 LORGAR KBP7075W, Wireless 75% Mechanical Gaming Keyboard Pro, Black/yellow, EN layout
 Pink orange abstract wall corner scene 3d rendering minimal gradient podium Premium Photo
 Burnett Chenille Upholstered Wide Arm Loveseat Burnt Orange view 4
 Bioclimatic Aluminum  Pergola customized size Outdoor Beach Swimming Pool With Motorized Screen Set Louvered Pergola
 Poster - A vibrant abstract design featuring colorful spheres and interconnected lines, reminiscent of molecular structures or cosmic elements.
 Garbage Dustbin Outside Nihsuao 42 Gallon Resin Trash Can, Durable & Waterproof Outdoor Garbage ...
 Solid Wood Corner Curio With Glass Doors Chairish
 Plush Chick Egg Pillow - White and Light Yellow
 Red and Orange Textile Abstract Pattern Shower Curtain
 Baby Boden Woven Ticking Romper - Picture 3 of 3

■ ■ ■ ■ ■ ■ ■

What is being asked: Go through the listing and transcribe all of it exactly.

Solved exercise:
 LORGAR KBP7075W, Wireless 75% Mechanical Gaming Keyboard Pro, Black/yellow, EN layout
 Pink orange abstract wall corner scene 3d rendering minimal gradient podium Premium Photo
 Burnett Chenille Upholstered Wide Arm Loveseat Burnt Orange view 4
 Bioclimatic Aluminum  Pergola customized size Outdoor Beach Swimming Pool With Motorized Screen Set Louvered Pergola
 Poster - A vibrant abstract design featuring colorful spheres and interconnected lines, reminiscent of molecular structures or cosmic elements.
 Garbage Dustbin Outside Nihsuao 42 Gallon Resin Trash Can, Durable & Waterproof Outdoor Garbage ...
 Solid Wood Corner Curio With Glass Doors Chairish
 Plush Chick Egg Pillow - White and Light Yellow
 Red and Orange Textile Abstract Pattern Shower Curtain
 Baby Boden Woven Ticking Romper - Picture 3 of 3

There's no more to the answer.